#### Problem description:
Output exactly the lines below, starting with the line that has "Maev Dog Food Review, April 2025" and going on through the line that has "Vali Yaman'dan 'hediye' açıklaması!", both included, and no other lines.

#### Data for processing:
════════
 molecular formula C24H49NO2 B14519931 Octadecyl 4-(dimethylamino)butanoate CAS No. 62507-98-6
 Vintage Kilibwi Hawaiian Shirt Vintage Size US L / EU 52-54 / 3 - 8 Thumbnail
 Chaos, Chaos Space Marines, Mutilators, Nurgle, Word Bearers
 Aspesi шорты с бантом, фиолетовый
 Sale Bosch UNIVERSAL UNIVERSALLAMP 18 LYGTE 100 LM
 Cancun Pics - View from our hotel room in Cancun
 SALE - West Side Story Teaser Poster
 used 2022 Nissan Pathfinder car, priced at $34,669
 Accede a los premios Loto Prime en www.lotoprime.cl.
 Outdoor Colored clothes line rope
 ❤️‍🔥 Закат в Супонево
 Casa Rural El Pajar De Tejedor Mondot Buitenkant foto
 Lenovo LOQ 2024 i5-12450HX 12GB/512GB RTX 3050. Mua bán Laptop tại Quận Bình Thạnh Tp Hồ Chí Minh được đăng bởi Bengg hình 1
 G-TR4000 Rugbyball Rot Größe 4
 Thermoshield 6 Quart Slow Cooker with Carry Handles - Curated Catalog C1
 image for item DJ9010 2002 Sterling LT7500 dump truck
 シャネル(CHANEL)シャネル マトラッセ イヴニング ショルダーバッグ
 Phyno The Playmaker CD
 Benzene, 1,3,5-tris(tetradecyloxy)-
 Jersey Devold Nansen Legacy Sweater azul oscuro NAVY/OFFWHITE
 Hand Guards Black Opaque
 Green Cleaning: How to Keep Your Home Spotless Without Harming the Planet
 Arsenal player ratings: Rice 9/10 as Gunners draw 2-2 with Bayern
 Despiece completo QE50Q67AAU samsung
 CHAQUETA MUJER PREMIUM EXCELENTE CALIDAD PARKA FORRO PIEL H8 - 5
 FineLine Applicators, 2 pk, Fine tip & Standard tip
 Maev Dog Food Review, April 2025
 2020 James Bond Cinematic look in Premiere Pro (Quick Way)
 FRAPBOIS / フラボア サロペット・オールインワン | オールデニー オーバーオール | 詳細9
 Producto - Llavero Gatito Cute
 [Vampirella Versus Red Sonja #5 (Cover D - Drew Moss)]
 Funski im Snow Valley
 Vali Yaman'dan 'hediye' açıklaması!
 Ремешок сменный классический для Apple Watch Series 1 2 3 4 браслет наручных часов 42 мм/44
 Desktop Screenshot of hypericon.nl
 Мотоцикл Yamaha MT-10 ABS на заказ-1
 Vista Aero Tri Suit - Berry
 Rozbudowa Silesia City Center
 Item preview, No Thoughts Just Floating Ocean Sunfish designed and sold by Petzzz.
════════
#### Answer:
 Maev Dog Food Review, April 2025
 2020 James Bond Cinematic look in Premiere Pro (Quick Way)
 FRAPBOIS / フラボア サロペット・オールインワン | オールデニー オーバーオール | 詳細9
 Producto - Llavero Gatito Cute
 [Vampirella Versus Red Sonja #5 (Cover D - Drew Moss)]
 Funski im Snow Valley
 Vali Yaman'dan 'hediye' açıklaması!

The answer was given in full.